Una simile evoluzione dell'ambientalismo è interessante. Ci dice molto sulla sinistra attuale, che ha smesso di contestare il sistema e se n'è appropriata, ma anche sul rapporto sempre più complicato tra potere politico, mondo degli affari, intellettuali e reti informative.

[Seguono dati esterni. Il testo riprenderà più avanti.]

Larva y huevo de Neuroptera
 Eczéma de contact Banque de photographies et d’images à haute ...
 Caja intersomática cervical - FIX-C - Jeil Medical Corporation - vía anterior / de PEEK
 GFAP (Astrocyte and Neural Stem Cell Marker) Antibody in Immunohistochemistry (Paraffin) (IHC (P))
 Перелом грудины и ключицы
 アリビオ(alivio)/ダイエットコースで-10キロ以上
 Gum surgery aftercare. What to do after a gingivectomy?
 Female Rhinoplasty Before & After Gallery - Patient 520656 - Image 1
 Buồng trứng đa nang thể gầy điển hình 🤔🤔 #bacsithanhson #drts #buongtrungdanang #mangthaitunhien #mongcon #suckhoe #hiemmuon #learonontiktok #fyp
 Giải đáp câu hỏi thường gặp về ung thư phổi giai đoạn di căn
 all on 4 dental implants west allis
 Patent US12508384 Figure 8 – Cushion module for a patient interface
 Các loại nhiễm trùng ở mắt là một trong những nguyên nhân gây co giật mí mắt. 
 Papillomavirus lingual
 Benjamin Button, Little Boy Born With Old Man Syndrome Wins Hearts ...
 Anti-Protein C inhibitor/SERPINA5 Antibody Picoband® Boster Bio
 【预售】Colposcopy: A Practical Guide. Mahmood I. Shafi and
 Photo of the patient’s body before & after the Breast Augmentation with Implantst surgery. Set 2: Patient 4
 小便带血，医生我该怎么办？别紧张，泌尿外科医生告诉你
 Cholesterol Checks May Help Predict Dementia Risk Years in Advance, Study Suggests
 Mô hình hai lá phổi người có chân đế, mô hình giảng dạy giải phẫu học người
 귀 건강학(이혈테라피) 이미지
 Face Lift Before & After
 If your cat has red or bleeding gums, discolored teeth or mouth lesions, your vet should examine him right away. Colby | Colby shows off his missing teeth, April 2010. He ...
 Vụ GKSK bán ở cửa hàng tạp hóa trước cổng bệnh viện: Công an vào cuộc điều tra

In questi giorni sul quotidiano progressista inglese The Guardian è apparso un pezzo firmato dai ministri dell'ambiente di Australia, Canada e Nuova Zelanda (Chris Bowen, Steven Guilbeault e James Shaw) in cui si chiede una Bretton Woods 2.0: una nuova architettura finanziaria mondiale volta a sostenere linee di credito in grado di affrontare al più presto il riscaldamento globale. I tre uomini politici non si nascondono dietro a dito e parlano apertamente di sbloccare maggiori investimenti a favore del sistema privato, perché nel potere contemporaneo gli interessi e l'ideologia, gli oligarchi delle grandi imprese e i poteri di Stato, s'intrecciano di continuo.

In fondo, nell'eco-pacifismo vi era il persistere di una prospettiva umanista e, non di rado, perfino religiosa. Al contrario, oggi l'ideologia green sostenuta dai governi e dalle principali centrali economiche guarda all'uomo come a un nemico. Ormai non ci stupisce nemmeno più di leggere come hanno scritto alcuni ricercatori di Lund che rinunciare ad avere un figlio rappresenterebbe una riduzione media annua di 58,6 tonnellate di anidride carbonica.

Se l'uomo è il

distruttore del pianeta e se ridimensionare la popolazione globale è la migliore risposta per salvare il mondo, allora anche la guerra può avere entro questa visione distorta della realtà qualche possibilità di essere apprezzata.